Christ's Two Wills in Scholastic Thought: The Christology of Aquinas and Its Historical Contexts

Corey L. Barnes

ST 178; Mediaeval Law and Theology 5. 2012. viii, 358 pp.

New in Paperback (2016): ISBN 978-0-88844-424-0 • $45.00
Casebound: ISBN 978-0-88844-178-2 • $85.00

This book investigates scholastic discussions of Christ's wills from Anselm of Canterbury to John Duns Scotus, concentrating on Thomas Aquinas.

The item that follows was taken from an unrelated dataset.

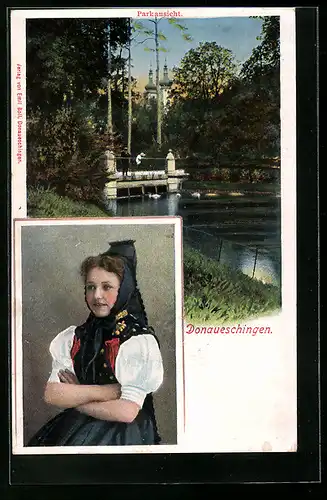 AK Donaueschingen, Junge Dame in Schwarzwälder Tracht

The work advances understandings of scholastic Christology in two basic ways. First, it traces the development of scholastic discussions of Christ’s wills, attending to the contested issues, to the context of debates, to the use of sources and distinctions, and to the larger implications of these discussions for scholastic Christology. Second, the book utilizes this general analysis as a backdrop for examining the role granted to Christ’s humanity by Thomas Aquinas. It argues that Aquinas, based upon his highly developed understanding of Christ’s wills, his novel use of patristic sources, and his own terminological and conceptual advancements, portrays Christ’s humanity as an instrumentum divinitatis that, through its free will and operation, acts as the instrumental efficient cause of salvation. As such, Thomas developed and extended Anselm’s basic soteriological insight by highlighting the Incarnation and passion as the most fitting means for redemption precisely in their elevation of human dignity in intellect and will. Serious challenges, both medieval and modern, have been directed against Aquinas’s Christological formulations. In responding to these challenges, the book demonstrates the enduring value of Aquinas’s Christology.

Author

Corey L. Barnes holds degrees from Oberlin College and the Yale Divinity School, and a doctorate from the University of Notre Dame. His research focuses on various themes in scholastic thought. His recent work includes essays and articles on Thomas Aquinas and Christ’s prayer and on the bodily passions, as well as on person, hypostasis, and the hypostatic union in Albert the Great and Aquinas. He is an assistant professor of Religion at Oberlin College, where he teaches in a number of areas, including the history of Christianity, medieval philosophy of religion, and religion in the Mediterranean world.

Endorsement

“An exemplary piece of historical theology! Barnes’s fine-grained but nimble analysis of Aquinas’s conception of Christ’s humanity, carefully situated within its thirteenth-century scholastic context, illumines both the crucial dependence and remarkable originality of the Dominican’s mature Christology. It also points up the perduring theological value of the highly integrated nature of scholastic reflection on the person and work of Christ.” 
     – Boyd Taylor Coolman, Boston College

Reviews

“These objections aside, this book is a signal scholarly achievement. It is the author's first book, based on his Notre Dame dissertation. But it is a book which a senior scholar with decades of familiarity with the figures treated would be expected to publish. Its strengths are deeply impressive. The acuteness and perceptiveness of Barnes's analysis are matched by his unfailing lucidity of exposition and his erudite command of previous scholarship. With this book, Barnes takes his place as a rising star among interpreters of medieval Scholastic theology. His arrival in that firmament is as warmly to be welcomed as it is auspicious.”